**ASSIGNED TASK**
With the line containing "Brunello Cucinelli Micro" as the final line, restate exactly every line of the data below from the first one onward, and copy no pictures.

**MATERIAL FOR THE TASK**
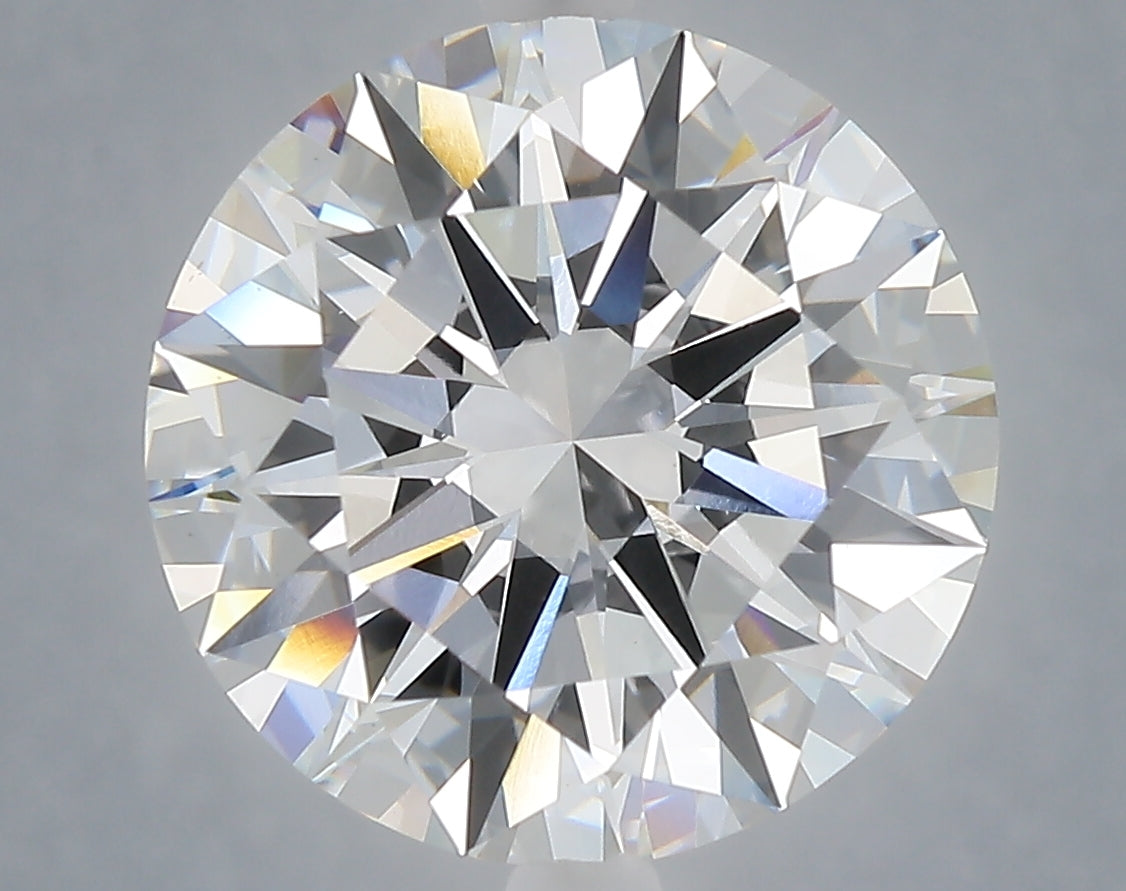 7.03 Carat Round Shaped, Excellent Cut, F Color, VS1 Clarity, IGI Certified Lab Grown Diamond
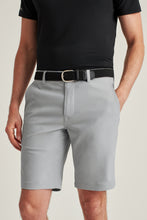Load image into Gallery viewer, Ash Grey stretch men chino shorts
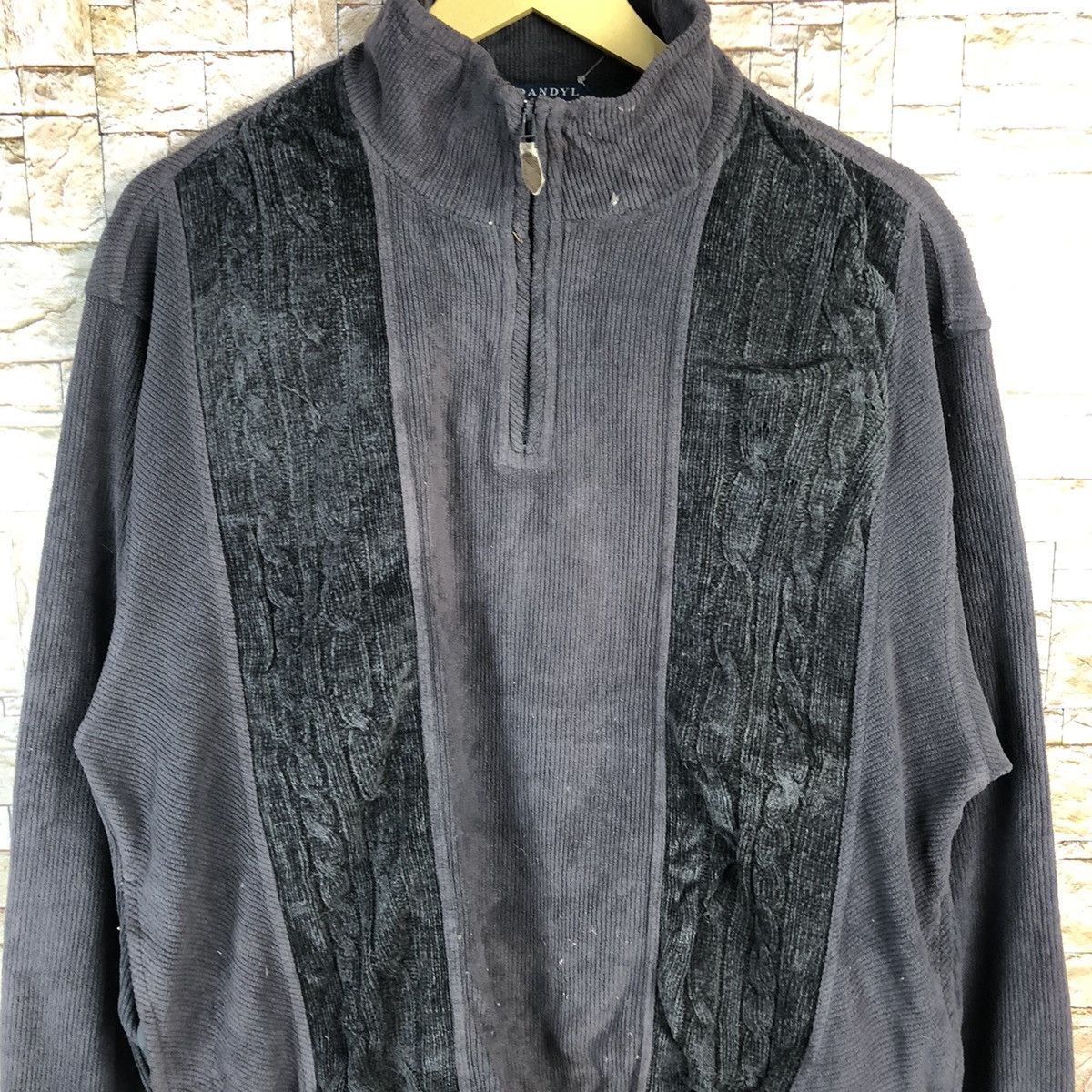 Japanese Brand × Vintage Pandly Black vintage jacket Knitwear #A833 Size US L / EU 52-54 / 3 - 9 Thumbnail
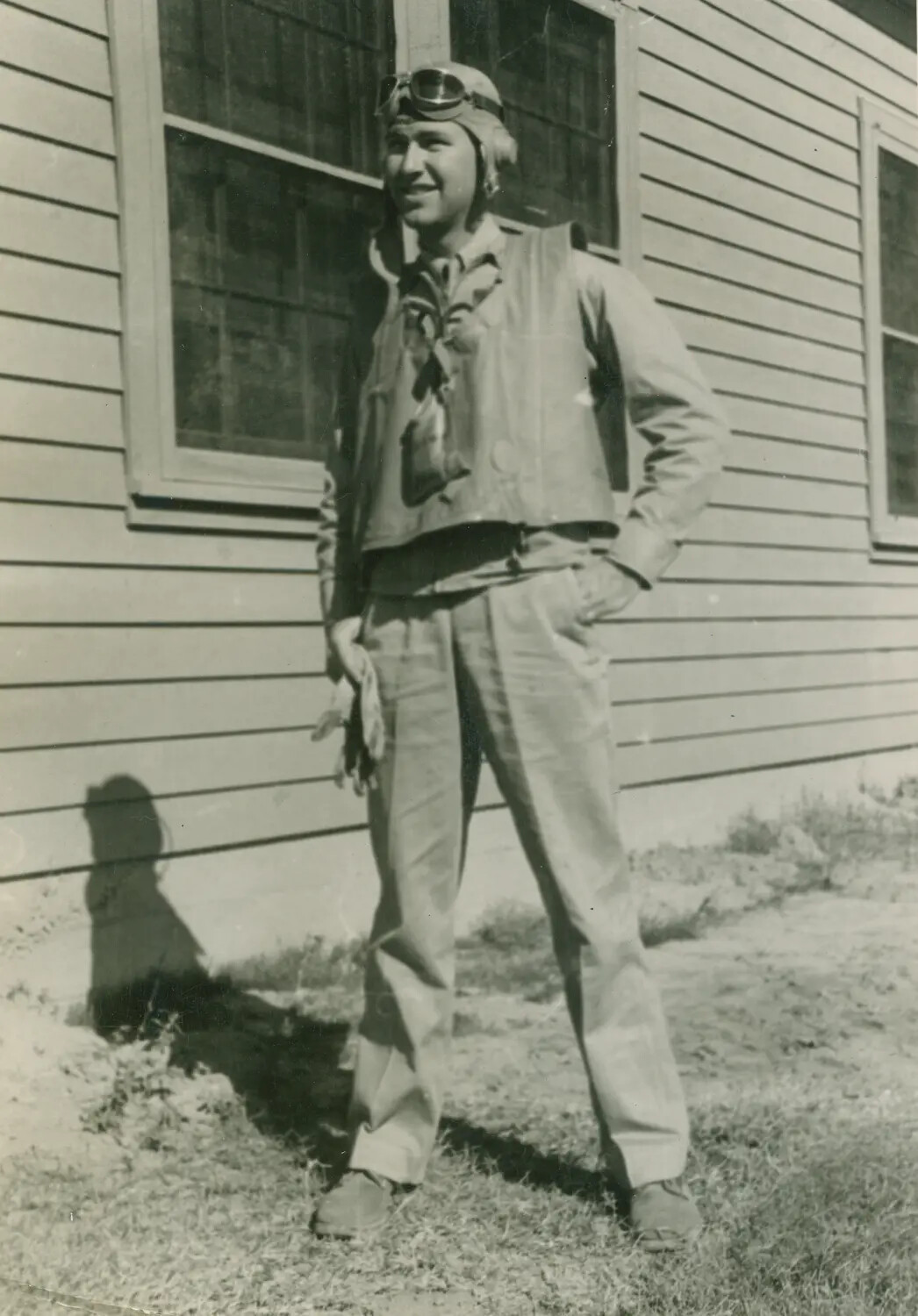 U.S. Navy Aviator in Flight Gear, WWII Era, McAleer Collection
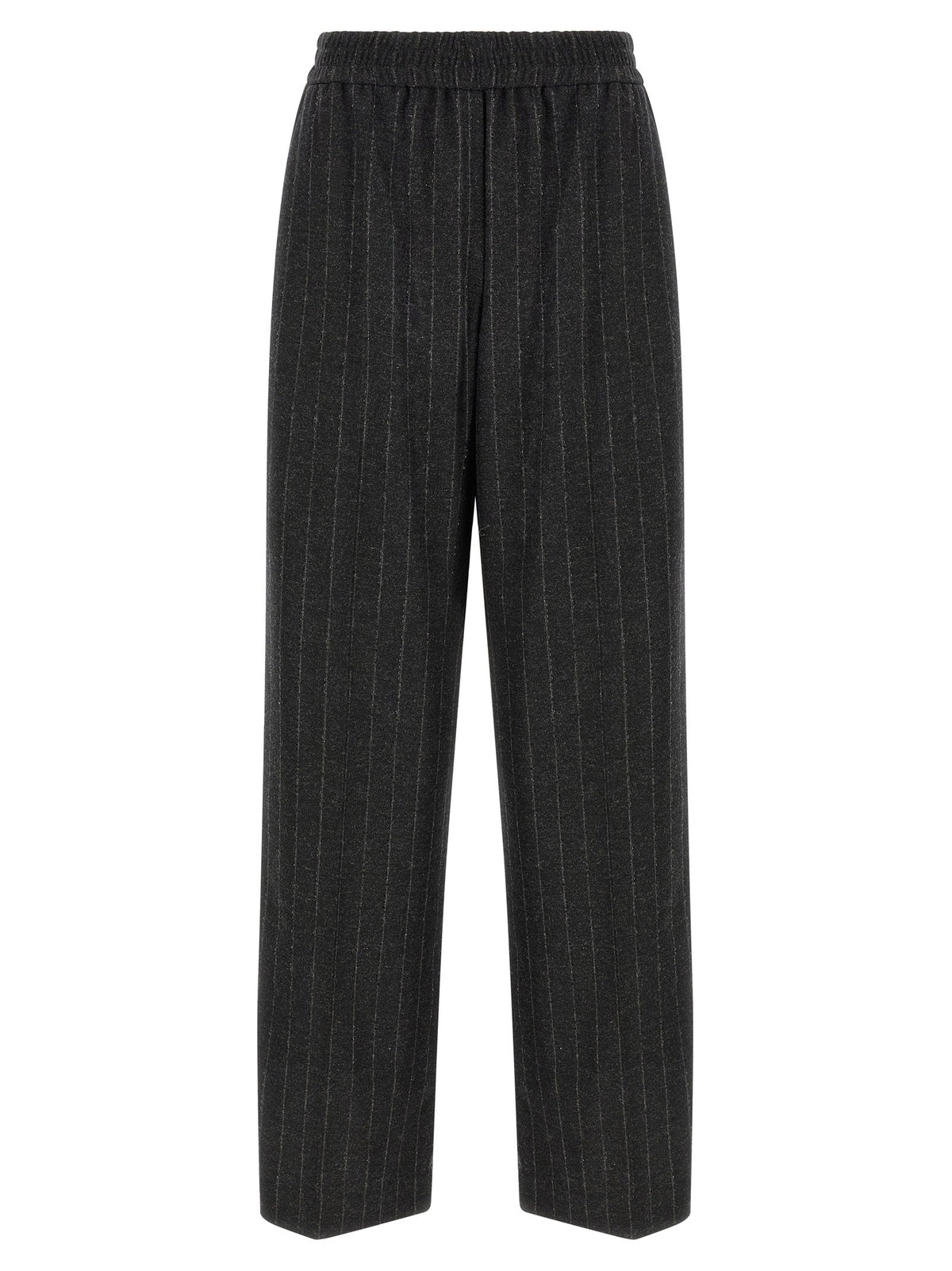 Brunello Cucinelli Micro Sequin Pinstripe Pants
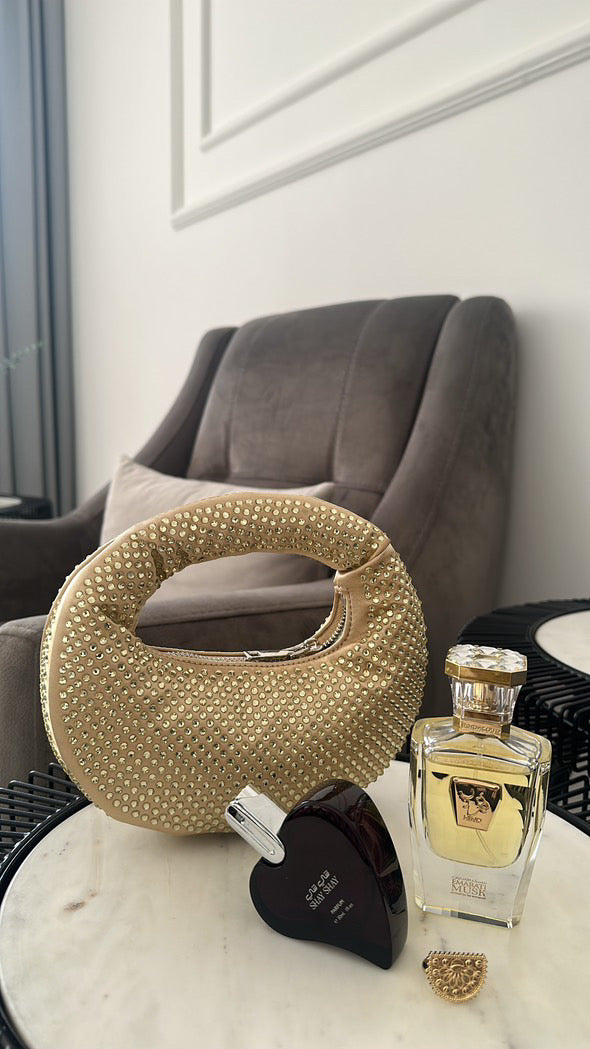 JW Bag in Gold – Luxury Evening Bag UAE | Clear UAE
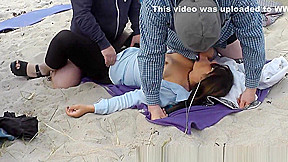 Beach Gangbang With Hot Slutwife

**COMPLETED TASK**
 7.03 Carat Round Shaped, Excellent Cut, F Color, VS1 Clarity, IGI Certified Lab Grown Diamond
Load image into Gallery viewer, Ash Grey stretch men chino shorts
 Japanese Brand × Vintage Pandly Black vintage jacket Knitwear #A833 Size US L / EU 52-54 / 3 - 9 Thumbnail
 U.S. Navy Aviator in Flight Gear, WWII Era, McAleer Collection
 Brunello Cucinelli Micro Sequin Pinstripe Pants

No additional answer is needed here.